PROBLEM REQUIREMENTS
Gather every line of the entries that includes the word "Plus".
──────── DATA PROVIDED
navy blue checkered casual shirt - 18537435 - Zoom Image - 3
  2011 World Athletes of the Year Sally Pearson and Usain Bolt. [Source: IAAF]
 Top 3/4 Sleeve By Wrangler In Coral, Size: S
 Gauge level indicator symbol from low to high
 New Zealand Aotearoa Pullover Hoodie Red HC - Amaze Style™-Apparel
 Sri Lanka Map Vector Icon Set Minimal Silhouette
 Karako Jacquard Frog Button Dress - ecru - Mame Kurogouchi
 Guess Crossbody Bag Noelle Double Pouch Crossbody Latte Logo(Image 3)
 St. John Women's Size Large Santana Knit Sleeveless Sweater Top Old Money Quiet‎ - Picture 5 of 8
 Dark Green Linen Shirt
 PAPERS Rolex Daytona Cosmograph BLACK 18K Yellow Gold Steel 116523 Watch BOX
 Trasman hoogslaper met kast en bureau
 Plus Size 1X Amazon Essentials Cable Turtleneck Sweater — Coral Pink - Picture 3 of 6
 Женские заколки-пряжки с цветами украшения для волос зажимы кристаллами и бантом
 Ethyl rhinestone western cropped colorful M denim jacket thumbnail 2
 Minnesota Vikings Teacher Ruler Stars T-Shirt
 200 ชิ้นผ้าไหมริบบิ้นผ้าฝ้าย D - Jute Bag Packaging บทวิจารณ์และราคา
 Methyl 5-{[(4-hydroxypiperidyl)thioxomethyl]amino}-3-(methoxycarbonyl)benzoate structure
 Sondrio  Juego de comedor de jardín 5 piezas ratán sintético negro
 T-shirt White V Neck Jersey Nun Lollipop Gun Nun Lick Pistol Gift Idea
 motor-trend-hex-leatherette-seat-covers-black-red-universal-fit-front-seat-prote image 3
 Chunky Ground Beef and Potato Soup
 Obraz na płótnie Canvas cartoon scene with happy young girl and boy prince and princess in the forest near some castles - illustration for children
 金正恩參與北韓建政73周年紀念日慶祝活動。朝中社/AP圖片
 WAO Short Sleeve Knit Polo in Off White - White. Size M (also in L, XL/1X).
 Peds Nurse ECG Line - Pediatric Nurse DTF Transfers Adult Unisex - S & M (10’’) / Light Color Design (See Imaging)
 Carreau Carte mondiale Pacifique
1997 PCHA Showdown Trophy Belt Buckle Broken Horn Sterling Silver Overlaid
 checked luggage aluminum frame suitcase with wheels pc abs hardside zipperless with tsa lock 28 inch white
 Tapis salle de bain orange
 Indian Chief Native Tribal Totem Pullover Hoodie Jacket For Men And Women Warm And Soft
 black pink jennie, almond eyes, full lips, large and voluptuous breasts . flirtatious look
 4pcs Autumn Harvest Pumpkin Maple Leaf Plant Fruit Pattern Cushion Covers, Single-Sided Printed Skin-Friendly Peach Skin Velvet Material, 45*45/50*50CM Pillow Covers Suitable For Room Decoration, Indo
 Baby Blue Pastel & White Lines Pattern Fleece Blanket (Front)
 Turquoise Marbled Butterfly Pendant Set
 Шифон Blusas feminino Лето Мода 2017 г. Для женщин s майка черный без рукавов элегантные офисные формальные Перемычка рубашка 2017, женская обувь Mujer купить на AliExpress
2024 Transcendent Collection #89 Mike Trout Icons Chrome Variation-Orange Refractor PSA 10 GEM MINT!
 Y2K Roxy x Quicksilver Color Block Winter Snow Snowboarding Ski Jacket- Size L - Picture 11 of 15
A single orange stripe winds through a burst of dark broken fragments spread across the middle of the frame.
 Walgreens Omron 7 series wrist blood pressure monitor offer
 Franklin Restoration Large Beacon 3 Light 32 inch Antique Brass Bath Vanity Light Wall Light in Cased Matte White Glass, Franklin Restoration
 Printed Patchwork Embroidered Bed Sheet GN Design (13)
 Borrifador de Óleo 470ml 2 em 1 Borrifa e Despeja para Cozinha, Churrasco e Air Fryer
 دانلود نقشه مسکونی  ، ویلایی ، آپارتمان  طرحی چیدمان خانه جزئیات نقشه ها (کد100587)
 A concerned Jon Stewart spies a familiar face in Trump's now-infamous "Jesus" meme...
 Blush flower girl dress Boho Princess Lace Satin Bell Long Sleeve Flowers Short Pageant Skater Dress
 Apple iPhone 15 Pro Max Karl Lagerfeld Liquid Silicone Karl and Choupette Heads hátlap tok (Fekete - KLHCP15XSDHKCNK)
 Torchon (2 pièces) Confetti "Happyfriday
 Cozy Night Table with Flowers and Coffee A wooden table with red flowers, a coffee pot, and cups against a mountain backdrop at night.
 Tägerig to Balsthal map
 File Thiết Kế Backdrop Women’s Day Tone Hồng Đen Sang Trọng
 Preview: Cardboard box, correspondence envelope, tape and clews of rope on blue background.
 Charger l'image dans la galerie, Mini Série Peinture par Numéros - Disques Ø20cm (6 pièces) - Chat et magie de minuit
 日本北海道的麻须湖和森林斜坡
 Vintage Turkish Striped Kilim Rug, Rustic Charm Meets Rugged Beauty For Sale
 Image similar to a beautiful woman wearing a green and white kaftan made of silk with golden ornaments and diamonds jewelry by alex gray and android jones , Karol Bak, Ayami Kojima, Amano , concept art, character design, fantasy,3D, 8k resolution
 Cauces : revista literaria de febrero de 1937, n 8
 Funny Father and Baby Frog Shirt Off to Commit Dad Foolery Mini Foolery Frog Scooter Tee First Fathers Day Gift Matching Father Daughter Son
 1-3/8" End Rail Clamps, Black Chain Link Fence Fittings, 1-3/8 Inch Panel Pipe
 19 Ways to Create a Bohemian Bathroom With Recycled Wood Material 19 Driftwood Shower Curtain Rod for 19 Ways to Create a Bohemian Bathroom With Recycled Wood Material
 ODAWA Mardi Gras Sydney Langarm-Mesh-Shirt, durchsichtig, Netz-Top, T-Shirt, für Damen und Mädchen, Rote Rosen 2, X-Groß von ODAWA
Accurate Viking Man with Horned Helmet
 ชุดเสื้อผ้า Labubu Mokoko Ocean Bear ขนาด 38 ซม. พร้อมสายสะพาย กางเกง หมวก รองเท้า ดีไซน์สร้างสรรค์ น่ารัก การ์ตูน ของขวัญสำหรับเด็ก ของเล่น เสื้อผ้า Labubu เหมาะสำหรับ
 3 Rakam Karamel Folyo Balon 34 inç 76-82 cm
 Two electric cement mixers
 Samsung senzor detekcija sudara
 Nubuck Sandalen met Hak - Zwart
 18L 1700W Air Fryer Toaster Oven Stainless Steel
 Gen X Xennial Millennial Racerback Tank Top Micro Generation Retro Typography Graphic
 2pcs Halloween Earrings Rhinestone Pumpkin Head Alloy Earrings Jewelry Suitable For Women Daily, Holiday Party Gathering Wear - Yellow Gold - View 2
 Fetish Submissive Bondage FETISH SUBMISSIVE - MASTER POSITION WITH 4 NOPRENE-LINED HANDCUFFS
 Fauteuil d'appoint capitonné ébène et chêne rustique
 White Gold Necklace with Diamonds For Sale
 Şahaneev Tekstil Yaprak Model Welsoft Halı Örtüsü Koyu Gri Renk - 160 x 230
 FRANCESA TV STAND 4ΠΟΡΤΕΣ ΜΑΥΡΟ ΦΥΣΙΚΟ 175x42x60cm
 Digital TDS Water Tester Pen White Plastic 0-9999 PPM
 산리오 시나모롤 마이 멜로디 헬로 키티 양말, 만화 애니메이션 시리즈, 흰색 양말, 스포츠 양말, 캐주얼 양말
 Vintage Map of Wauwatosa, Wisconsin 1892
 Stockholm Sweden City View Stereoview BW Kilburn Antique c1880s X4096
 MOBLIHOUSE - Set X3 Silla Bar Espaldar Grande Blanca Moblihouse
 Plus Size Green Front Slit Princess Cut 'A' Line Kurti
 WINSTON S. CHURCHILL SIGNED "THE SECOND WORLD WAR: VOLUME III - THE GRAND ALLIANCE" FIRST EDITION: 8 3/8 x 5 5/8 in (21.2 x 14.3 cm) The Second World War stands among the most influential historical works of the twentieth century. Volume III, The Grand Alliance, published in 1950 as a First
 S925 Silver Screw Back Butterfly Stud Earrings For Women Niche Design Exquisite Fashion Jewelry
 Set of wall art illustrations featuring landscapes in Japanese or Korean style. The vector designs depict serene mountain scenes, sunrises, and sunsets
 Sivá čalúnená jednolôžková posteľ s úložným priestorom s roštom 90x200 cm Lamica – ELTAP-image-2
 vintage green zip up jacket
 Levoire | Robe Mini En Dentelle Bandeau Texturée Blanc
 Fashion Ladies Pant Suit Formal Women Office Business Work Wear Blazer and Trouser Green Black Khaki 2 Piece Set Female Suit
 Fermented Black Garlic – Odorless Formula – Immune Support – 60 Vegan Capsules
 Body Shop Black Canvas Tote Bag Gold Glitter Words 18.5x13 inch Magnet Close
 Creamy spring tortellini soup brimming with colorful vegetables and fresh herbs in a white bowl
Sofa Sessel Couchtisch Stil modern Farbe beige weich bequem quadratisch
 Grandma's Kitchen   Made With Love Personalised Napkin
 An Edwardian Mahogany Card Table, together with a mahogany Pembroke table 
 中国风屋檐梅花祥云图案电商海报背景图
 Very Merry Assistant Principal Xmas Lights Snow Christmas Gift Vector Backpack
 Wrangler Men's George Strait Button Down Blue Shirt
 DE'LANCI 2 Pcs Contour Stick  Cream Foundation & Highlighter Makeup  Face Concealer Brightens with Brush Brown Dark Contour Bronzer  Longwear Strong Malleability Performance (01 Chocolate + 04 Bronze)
────────────────
SOLUTION
 Plus Size 1X Amazon Essentials Cable Turtleneck Sweater — Coral Pink - Picture 3 of 6
 Plus Size Green Front Slit Princess Cut 'A' Line Kurti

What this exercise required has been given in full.